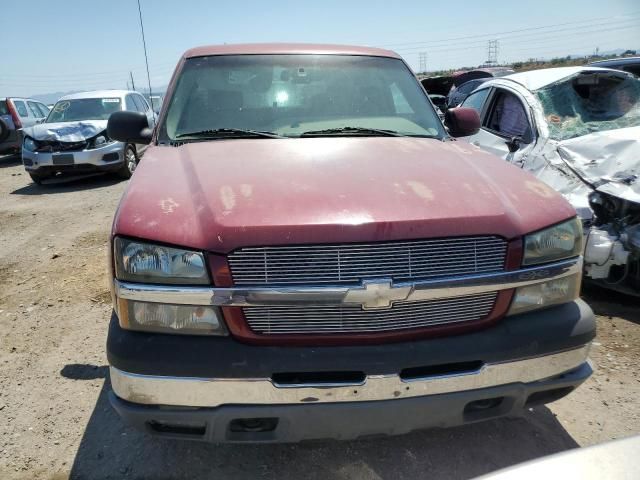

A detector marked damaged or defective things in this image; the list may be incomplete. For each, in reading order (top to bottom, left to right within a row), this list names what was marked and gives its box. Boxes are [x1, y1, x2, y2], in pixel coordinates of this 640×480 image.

damaged white car [21, 89, 154, 183]
wrecked vehicle [22, 90, 155, 184]
wrecked vehicle [104, 45, 596, 442]
damaged white car [460, 65, 640, 294]
wrecked vehicle [460, 65, 640, 294]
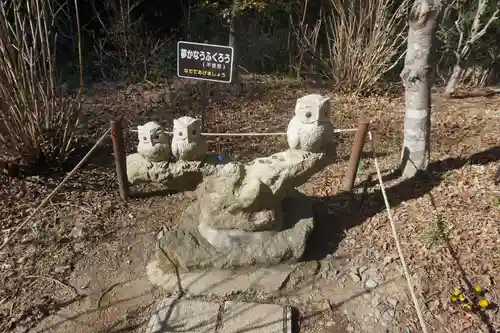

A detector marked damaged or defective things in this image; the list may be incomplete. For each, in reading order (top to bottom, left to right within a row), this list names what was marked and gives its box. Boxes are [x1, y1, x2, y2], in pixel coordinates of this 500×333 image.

rusty metal post [110, 120, 129, 201]
rusty metal post [344, 120, 372, 191]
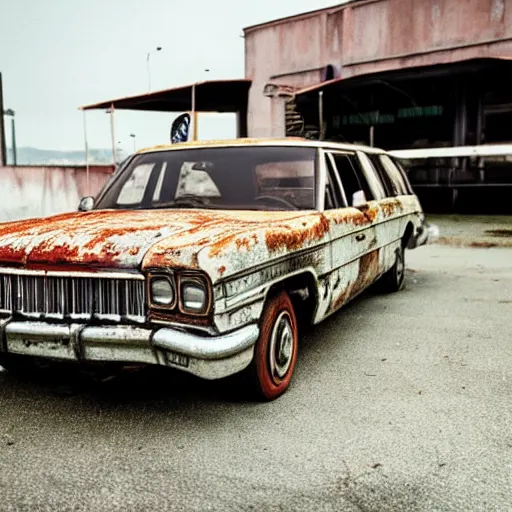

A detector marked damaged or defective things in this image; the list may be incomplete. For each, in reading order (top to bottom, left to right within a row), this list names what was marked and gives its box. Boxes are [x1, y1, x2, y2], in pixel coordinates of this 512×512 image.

corroded chrome grille [0, 270, 146, 322]
rusty station wagon [0, 139, 432, 400]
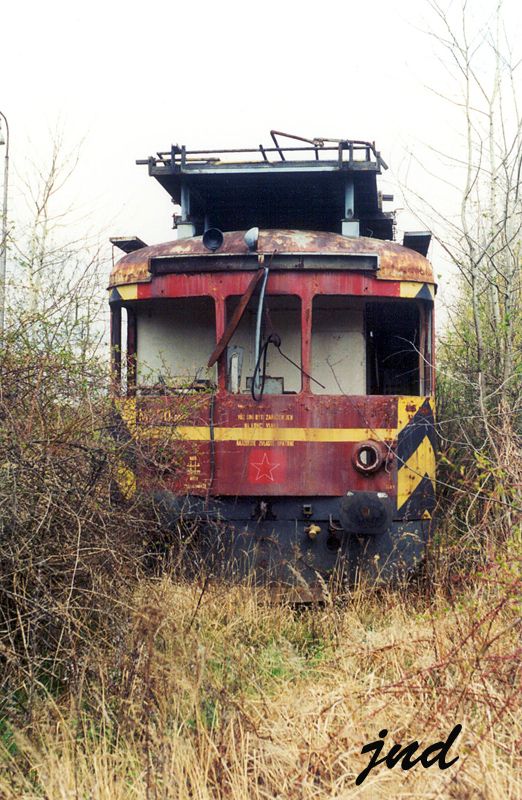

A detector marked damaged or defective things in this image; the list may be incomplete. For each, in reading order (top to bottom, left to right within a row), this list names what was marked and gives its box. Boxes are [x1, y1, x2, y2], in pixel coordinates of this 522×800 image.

rusty roof [109, 228, 434, 288]
broken window [136, 296, 215, 390]
broken window [223, 294, 300, 394]
rusty train front [109, 136, 434, 588]
broken window [310, 296, 364, 396]
broken window [364, 300, 420, 394]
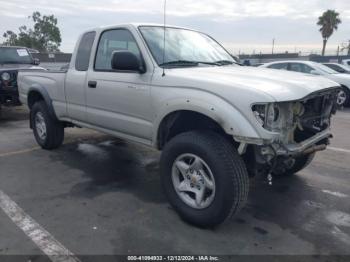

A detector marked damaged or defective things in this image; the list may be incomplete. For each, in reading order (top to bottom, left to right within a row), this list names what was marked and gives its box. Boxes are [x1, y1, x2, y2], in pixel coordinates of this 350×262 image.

crumpled hood [165, 65, 342, 101]
broken headlight [253, 103, 280, 130]
damaged front end [246, 87, 340, 176]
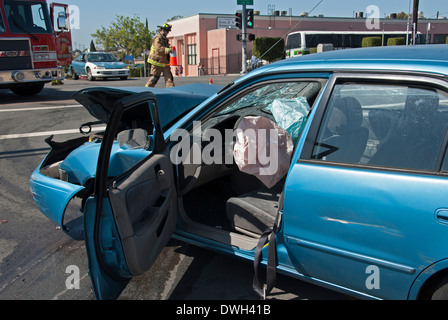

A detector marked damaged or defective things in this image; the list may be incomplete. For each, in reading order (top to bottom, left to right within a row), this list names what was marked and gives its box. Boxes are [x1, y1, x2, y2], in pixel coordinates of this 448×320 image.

shattered windshield [3, 0, 52, 34]
crumpled hood [73, 84, 224, 131]
damaged blue car [32, 45, 448, 300]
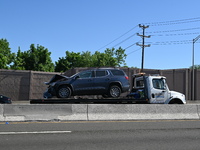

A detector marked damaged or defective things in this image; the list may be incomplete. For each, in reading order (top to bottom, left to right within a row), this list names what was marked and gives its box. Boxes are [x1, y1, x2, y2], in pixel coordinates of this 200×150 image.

Description of the task:
From the first line to the last, set down the data exactly, without the pictures.

Solution to this problem:
A detector marked damaged or defective things in this image; the list may be incomplete. For each, in reading order (top to bottom, left to right within a row), this list names what was marked and gives its box. Boxes are [x1, y1, x2, y2], in pixel coordinates of this 640×480 image.

damaged white car [21, 89, 154, 183]
wrecked vehicle [22, 90, 155, 184]
wrecked vehicle [104, 45, 596, 442]
damaged white car [460, 65, 640, 294]
wrecked vehicle [460, 65, 640, 294]

A detector marked damaged or defective things in this image; the list may be incomplete. For each, in reading order (top to bottom, left to right within a row), this list names what was marked and gives its box. Boxes are [x1, y1, x2, y2], in pixel coordinates of this 500×333 image.

rusty metal post [110, 120, 129, 201]
rusty metal post [344, 120, 372, 191]

A detector marked damaged or defective things in this image; the list may be incomplete. For each, in reading order (top to bottom, left to right within a row), this list names what was marked and gives its box. Boxes are [x1, y1, x2, y2], in pixel coordinates of this 512×512 image.

corroded chrome grille [0, 270, 146, 322]
rusty station wagon [0, 139, 432, 400]

A detector marked damaged or defective things in this image; the list may be incomplete. For each, in reading order (top to bottom, left to right within a row), this list names what was marked and gives its box. Boxes are [x1, y1, x2, y2], in pixel coordinates of this 522×800 image.

rusty roof [109, 228, 434, 288]
broken window [136, 296, 215, 390]
broken window [223, 294, 300, 394]
rusty train front [109, 136, 434, 588]
broken window [310, 296, 364, 396]
broken window [364, 300, 420, 394]

A detector marked damaged or defective things in this image; the list may be incomplete. For each, in reading order (top to bottom, left to right within a row), this list names what was marked and gives its box. Boxes are [x1, y1, x2, y2], in pixel coordinates of this 350×262 image.

crumpled hood [165, 65, 342, 101]
broken headlight [253, 103, 280, 130]
damaged front end [246, 87, 340, 176]

A detector marked damaged or defective things in this image; the list may be incomplete. For each, in reading order (top to bottom, left to right within a row), this list names what was marked and gives its box. Boxes are [x1, y1, x2, y2], in pixel coordinates of this 448×320 image.

shattered windshield [3, 0, 52, 34]
crumpled hood [73, 84, 224, 131]
damaged blue car [32, 45, 448, 300]

A detector marked damaged or defective things in this image; the list may be incomplete. For each, in reading order (top to bottom, left to right within a row), this list names what was marked and gives its box. Boxes are [x1, y1, x2, y2], in pixel coordinates of this 200×150 image.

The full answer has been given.